Twenty-five years ago Juliet Burrows and Kim Hostler founded a new gallery located in New York’s Tribeca district.
A year later the recently-opened gallery - which at the time was named “Antik” - held its first exhibition.
“Axel Salto: Forces of Nature” (left) was the first exhibition in the US dedicated to the now widely-lauded artist’s work. The pair had devoted two years to putting together the exhibition on the noted Danish ceramicist, eventually amassing forty vases and twenty accompanying drawings.
The exhibition was important enough to attract the attention of the New York Times to the new gallery. The paper noted in particular that Salto had said - in a limited edition publication “Den Spirende Stil” (The Sprouting Style) produced for his 60th birthday - that he wanted to put ceramics “on a level with the great art forms”, an aspiration shared by the two gallery founders.

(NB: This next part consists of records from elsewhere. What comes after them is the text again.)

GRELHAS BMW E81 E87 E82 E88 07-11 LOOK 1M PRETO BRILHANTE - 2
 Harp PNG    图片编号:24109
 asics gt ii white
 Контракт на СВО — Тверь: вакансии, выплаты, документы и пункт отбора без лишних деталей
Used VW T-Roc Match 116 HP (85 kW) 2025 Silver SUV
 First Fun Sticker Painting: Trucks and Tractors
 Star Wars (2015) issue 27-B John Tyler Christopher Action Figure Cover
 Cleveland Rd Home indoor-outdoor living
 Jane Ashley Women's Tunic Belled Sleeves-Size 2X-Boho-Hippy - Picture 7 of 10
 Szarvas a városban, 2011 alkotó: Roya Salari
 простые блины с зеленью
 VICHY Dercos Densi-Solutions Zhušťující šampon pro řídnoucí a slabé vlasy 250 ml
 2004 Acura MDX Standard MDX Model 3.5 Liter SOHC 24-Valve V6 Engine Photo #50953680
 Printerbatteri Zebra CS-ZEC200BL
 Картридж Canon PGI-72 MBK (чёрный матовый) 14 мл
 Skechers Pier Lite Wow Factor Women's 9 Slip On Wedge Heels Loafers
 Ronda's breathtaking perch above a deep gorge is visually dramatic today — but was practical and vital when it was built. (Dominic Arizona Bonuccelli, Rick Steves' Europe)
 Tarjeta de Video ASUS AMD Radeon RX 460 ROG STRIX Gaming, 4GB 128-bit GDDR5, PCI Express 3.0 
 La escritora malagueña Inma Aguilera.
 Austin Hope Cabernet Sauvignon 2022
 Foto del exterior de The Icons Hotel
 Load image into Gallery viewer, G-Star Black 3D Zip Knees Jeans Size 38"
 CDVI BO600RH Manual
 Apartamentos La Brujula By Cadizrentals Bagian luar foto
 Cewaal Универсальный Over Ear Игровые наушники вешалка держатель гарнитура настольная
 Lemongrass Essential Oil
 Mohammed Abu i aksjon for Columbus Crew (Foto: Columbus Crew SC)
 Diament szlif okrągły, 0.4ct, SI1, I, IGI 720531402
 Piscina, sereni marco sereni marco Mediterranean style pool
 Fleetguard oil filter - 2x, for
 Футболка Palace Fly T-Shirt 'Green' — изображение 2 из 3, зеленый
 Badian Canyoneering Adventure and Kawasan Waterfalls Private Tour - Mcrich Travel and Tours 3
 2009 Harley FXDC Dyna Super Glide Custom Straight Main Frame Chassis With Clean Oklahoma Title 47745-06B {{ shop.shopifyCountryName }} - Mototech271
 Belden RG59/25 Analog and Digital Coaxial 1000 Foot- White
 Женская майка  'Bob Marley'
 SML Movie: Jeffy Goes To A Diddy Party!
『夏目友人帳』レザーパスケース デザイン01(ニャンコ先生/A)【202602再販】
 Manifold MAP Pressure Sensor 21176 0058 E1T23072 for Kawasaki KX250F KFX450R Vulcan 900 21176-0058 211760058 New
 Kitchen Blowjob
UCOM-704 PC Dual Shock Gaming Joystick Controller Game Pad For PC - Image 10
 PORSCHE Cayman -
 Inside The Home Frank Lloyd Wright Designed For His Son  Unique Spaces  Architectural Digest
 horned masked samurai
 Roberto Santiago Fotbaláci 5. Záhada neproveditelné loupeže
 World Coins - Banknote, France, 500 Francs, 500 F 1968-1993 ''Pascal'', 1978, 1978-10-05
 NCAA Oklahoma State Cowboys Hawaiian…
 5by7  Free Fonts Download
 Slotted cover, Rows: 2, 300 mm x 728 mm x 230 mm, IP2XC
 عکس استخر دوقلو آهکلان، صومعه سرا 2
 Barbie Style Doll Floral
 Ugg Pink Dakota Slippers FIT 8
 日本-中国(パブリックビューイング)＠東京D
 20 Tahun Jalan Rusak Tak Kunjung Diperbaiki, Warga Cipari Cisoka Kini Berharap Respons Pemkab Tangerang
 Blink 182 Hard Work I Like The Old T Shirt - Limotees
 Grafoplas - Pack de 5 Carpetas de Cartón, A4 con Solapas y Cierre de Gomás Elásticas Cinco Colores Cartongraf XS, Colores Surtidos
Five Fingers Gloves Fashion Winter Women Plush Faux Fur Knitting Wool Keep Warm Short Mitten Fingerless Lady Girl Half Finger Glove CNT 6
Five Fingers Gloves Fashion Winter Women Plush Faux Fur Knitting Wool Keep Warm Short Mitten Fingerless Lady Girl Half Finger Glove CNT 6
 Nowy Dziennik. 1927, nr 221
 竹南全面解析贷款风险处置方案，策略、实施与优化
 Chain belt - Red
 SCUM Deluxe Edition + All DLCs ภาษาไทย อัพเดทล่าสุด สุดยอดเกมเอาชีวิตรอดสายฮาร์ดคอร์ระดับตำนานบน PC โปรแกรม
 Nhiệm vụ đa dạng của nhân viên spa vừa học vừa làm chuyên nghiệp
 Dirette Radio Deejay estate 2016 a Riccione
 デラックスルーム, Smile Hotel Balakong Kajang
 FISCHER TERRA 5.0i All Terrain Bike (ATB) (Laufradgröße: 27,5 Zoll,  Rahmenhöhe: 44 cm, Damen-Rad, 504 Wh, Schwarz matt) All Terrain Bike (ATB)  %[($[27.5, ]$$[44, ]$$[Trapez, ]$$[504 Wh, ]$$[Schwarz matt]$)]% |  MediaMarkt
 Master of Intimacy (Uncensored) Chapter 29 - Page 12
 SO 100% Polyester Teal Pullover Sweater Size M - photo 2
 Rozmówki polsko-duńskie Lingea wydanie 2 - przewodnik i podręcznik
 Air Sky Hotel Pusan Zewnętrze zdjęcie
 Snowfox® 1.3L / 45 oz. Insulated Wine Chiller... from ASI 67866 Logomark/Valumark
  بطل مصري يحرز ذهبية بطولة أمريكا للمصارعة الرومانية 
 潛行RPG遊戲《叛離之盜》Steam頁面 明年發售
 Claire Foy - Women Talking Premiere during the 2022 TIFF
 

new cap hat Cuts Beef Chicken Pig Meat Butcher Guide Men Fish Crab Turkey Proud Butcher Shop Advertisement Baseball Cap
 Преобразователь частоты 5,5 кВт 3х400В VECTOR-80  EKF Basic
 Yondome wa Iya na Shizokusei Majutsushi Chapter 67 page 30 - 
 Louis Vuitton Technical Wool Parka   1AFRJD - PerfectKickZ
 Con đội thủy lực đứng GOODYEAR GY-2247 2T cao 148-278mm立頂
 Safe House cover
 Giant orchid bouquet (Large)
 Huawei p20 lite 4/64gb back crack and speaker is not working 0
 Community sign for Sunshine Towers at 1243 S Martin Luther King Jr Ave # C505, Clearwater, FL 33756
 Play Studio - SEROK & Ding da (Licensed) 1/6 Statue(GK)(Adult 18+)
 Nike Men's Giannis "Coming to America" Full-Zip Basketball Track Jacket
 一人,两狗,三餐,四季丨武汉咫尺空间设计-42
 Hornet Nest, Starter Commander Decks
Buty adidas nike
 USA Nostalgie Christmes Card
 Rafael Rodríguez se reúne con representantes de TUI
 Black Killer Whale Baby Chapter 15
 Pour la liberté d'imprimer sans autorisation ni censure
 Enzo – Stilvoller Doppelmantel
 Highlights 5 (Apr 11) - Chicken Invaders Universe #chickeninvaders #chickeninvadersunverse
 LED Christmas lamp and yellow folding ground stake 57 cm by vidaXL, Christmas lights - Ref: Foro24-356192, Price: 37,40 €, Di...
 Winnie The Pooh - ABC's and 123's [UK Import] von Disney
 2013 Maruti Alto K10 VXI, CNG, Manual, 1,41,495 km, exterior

“the gallery’s program highlights work
that is created by hand
through deep material investigation and
with the intention of the artist at its core”This way of looking at, and doing, things puts them at the forefront of galleries presenting creative work outside of the prevailing norms of what one might term “fine art”. Indeed Juliet said back at the time of that first exhibition “we started thinking more about Salto as an artist”.
Antik would go on to be re-christened Hostler Burrows, and over the twenty-five years since the gallery came into being, Burrows and Hostler have widened its outlook - evolving from a decided focus on 20th-century Scandinavian furniture and decorative arts to the inclusion of a strong theme of contemporary design in a wide variety of media, often characterised by a clearly artisan-made and tactile quality.
The continuity of focus which the gallery brings, alongside a desire to break new ground, can be seen in exhibitions such as 2022’s “MyungJin Kim: Hortus Talisman” - (right, and which you can take a virtual tour of here) where the South Korean artist presented organically shaped clay vessels.
Over the twenty-five years since its inception, the gallery has expanded physically, adding a new space on Melrose Avenue in Los Angeles in 2019, followed by a second New York space “HB381” at 381 Broadway, which opened in 2022. The gallery also regularly shows at fairs including New York’s TEFAF and Design Miami in the US, Basel and Paris.
The most recent exhibition at the HB381 space was “Jasmin Anoschkin: Supercharged Lollipop Valley” (left) which presented new ceramic sculptures by the Helsinki-based multimedia artist (b. 1980).
Hostler and Burrows are a couple as well as co-founders of the gallery, and bring a shared taste to their work. Talking about their early days on trips to Scandinavia in search of the unusual and the beautiful, Hostler says “we’d be in a shop and reach for the same vase”.
Today Juliet and Kim maintain the gallery as close to its roots as ever, working with and promoting the unique qualities of artist-made works, produced often through a long-running investigative practice. They clearly believe in what they do, and are passionate about continuing the gallery’s journey.